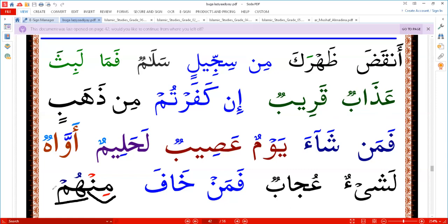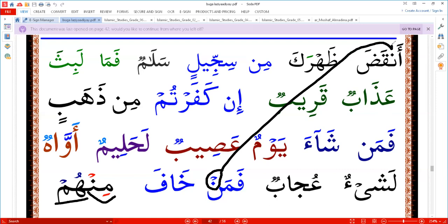There are 28 letters. We talk about the rule of noon sakin and tanwin. If there is a noon sakin, it means noon with a shakun — either visible or invisible. Whether the shakun is clearly written above the noon or hiding, it's the same rule.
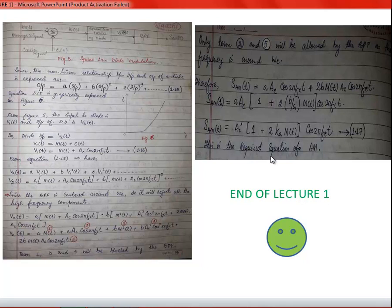Therefore, S_AM(t) = A·A_C·cos(2π·f_c·t) + 2B·m(t)·A_C·cos(2π·f_c·t). Taking A·A_C common: S_AM(t) = A·A_C·[1 + (2B/A)·m(t)]·cos(2π·f_c·t), where k_a = B/A. This is the required standard AM equation, confirming the Square Law diode modulation produces a valid AM signal. This concludes lecture 2.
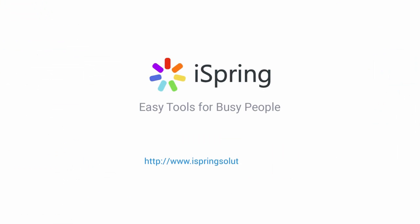Did you like this video? Give it a like, and subscribe to the iSpring YouTube channel for more updates.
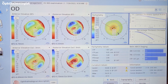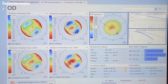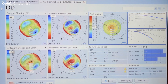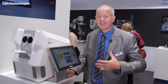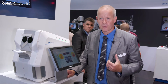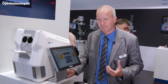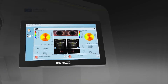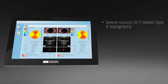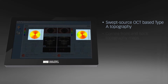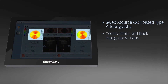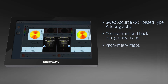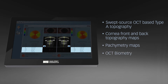Cataract and refractive surgeons both depend on highly accurate measurements. The iStar provides swept-source OCT-based biometry from the cornea to the retina — every single compartment of the eye is measured laser-optically. We also have OCT-based topography, which is in accordance with class A topographers.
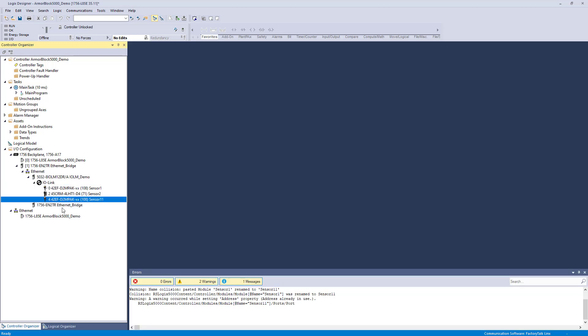To recap, once you register the necessary IODD files, you can add both Rockwell Automation and third-party devices to ArmorBlock 5000 IO-Link Master Blocks with the same simple workflows.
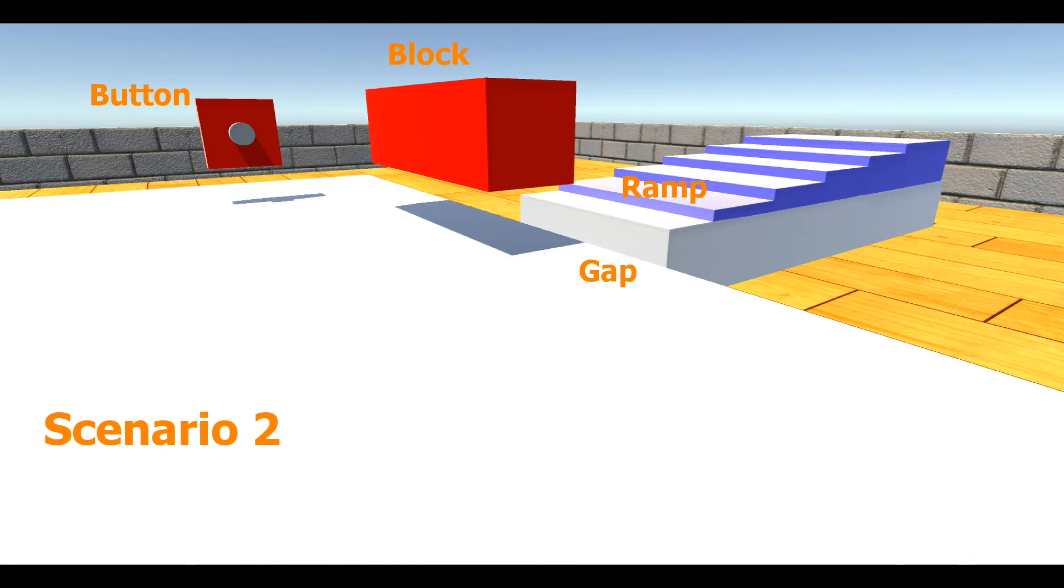No single configuration from the library has behaviors that can complete all three tasks. Instead, the mission planner finds three configurations that complete the tasks together.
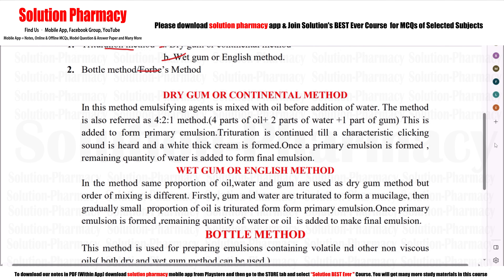First, the dry gum method. In the dry gum method and continental method, the emulsifying agent is mixed with oil first — before the addition of water. The emulsifying agent is mixed with oil in a mortar and pestle before any water is added.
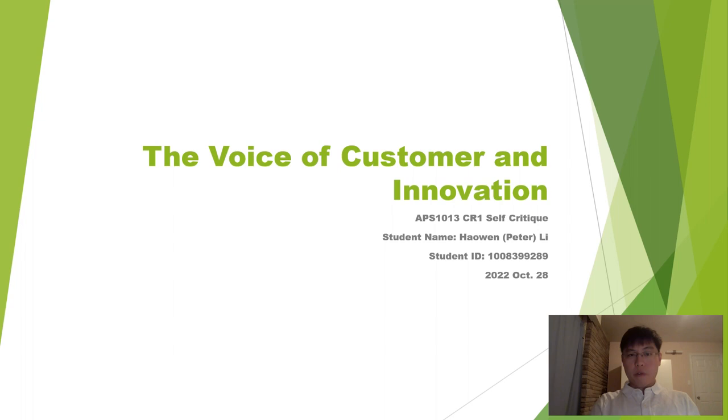Hello, my name is Hauen Li, and this is my self-critique video for APS-1013, Critical Review Paper 1 on the Voice of Customer and Innovation.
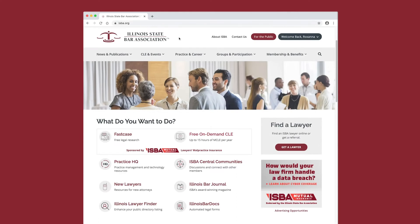If you need to watch your program later or in segments, the course will be available to you until it expires in the online catalog, typically two years after the program recording date. But you must complete the certification process to earn MCLE credit. The date you complete certification will be the date the credit is awarded.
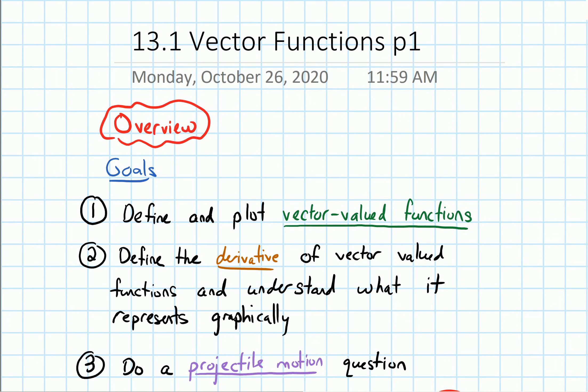In this video, we will give an overview of section 13.1 on vector functions.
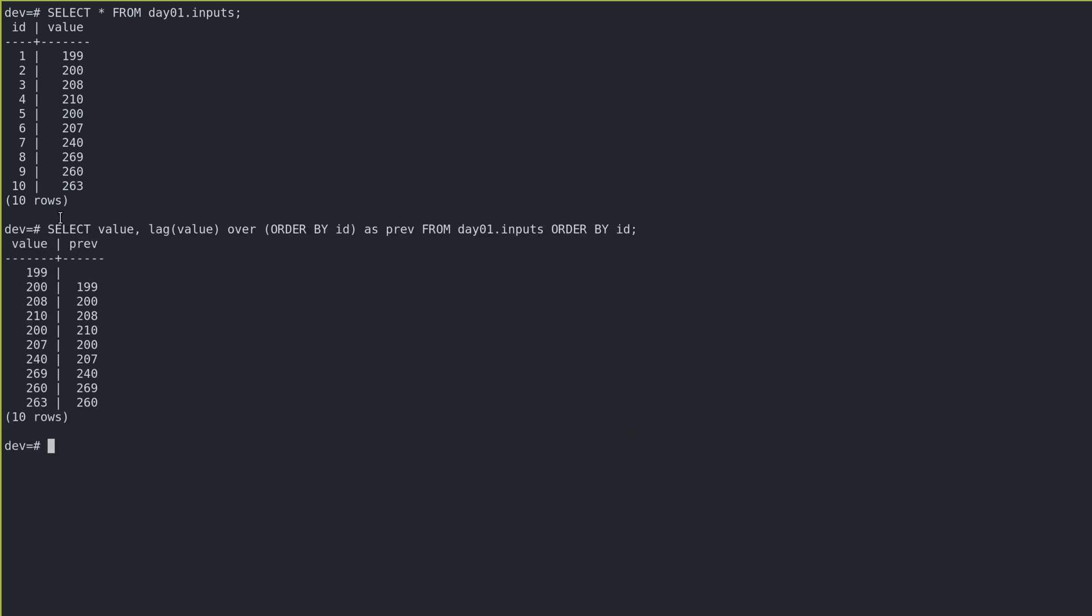Okay, so this is a query just showing how we could get the value and the previous value. So we are selecting the value, of course, and then using this window function. So this whole thing is a window function that lets us look over sort of adjacent rows in a result set. So lag returns previous rows.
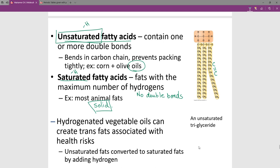Coconut oil tends to pack closer together as a saturated fat. As a side note, hydrogenated vegetable oils create trans fats, which you really shouldn't be eating — they're now outlawed in Canada. They chemically alter the molecular structure so an oil becomes a solid, and your body doesn't know how to react because it's not a natural substance.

> [EXERCISE AIM]
When you reach the line with "To recap, once" in the records above, start writing out each line exactly, and stop after the line with "Hello, my name". Pictures stay out.

> [EXPECTED ANSWER]
To recap, once you register the necessary IODD files, you can add both Rockwell Automation and third-party devices to ArmorBlock 5000 IO-Link Master Blocks with the same simple workflows.
No single configuration from the library has behaviors that can complete all three tasks. Instead, the mission planner finds three configurations that complete the tasks together.
First, the dry gum method. In the dry gum method and continental method, the emulsifying agent is mixed with oil first — before the addition of water. The emulsifying agent is mixed with oil in a mortar and pestle before any water is added.
Hello, my name is Hauen Li, and this is my self-critique video for APS-1013, Critical Review Paper 1 on the Voice of Customer and Innovation.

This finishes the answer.